Hereditary Hemochromatosis
USMLE Step 1 trap: Uses ferritin rather than transferrin saturation as the primary screening test for hemochromatosis. Transferrin saturation > 45% is the best initial screening test; ferritin is elevated but is a nonspecific acute-phase reactant.
Hereditary hemochromatosis is an autosomal recessive disorder of iron regulation, most commonly caused by the C282Y mutation in the HFE gene. The result is unregulated iron absorption and progressive deposition in parenchymal organs — liver, pancreas, heart, joints, pituitary, and skin. USMLE Step 1 tests this at multiple levels: pure recall (HFE, C282Y, autosomal recessive), clinical application (recognizing the 'bronze diabetes' constellation), and mechanism (why the mutation causes overload in the first place).

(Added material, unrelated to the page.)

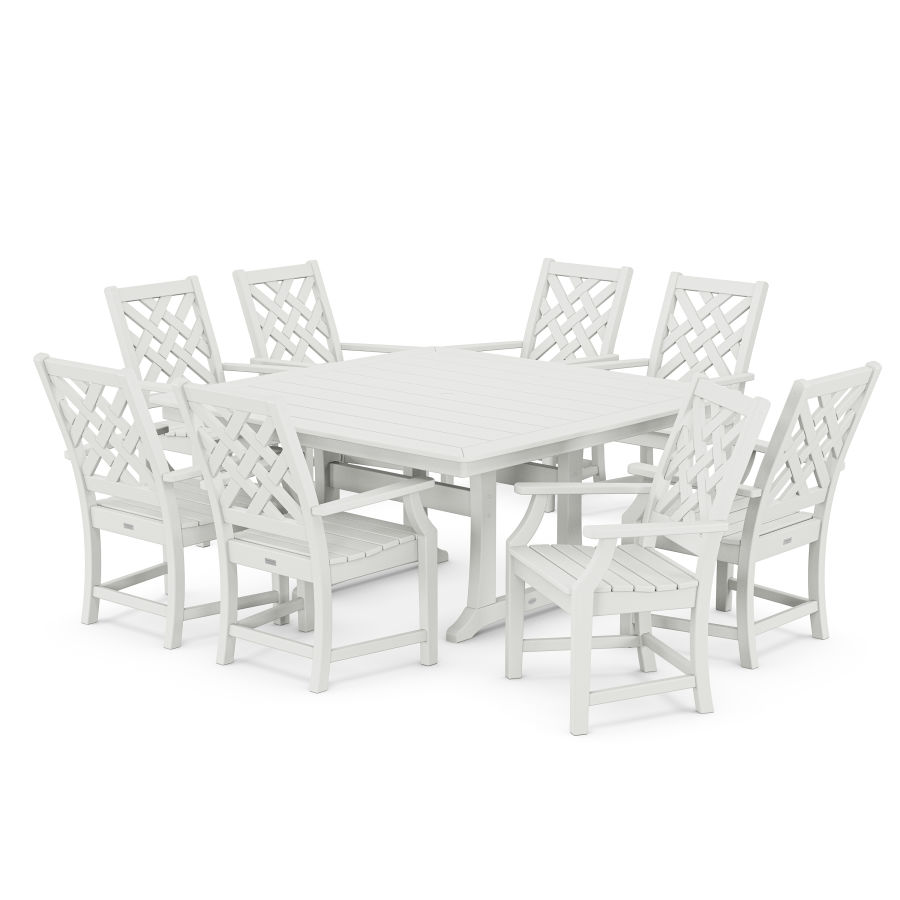 POLYWOOD Wovendale 9-Piece Square Dining Set with Trestle Legs in White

The mechanism angle is where students consistently lose points.
The exam loves to present a middle-aged Northern European man with cirrhosis, diabetes, arthralgias, skin hyperpigmentation, and hypogonadism — and ask you to name the mutation, explain the mechanism, or pick the right first diagnostic test. The tricky part is that all three of those questions have a different answer, and each one has a classic trap. The most common error is reaching for serum ferritin as the screening test — it's elevated, yes, but it's a nonspecific acute-phase reactant. Transferrin saturation above 45% is the correct initial screen.
The mechanism question is the deepest trap. Many students memorize 'HFE mutation → increased iron absorption' without understanding the intermediary step: HFE normally promotes hepcidin expression, and hepcidin blocks ferroportin (the iron exporter on enterocytes and macrophages). Without hepcidin signaling, ferroportin stays open and iron floods in. This is not a transporter defect — it's a regulatory failure. USMLE Step 1 will distinguish these, so the pathway matters.
Common misconceptions
What the exam tests
- Know the HFE gene, the C282Y mutation (autosomal recessive inheritance), and the indirect mechanism: HFE mutation → reduced hepcidin → uninhibited ferroportin → excess intestinal iron absorption — not a direct transporter defect.
- Recognize the classic multiorgan presentation — cirrhosis, diabetes mellitus, bronze skin, restrictive cardiomyopathy, arthralgias (especially MCP joints), and hypogonadism — and know that it most commonly affects middle-aged Northern European men, with women presenting later due to menstrual iron losses.
- Identify transferrin saturation > 45% as the best initial screening test, serum ferritin as a supportive but nonspecific marker, HFE gene testing as confirmatory, and liver biopsy (with Prussian blue stain showing periportal iron) for staging; know that phlebotomy is the treatment.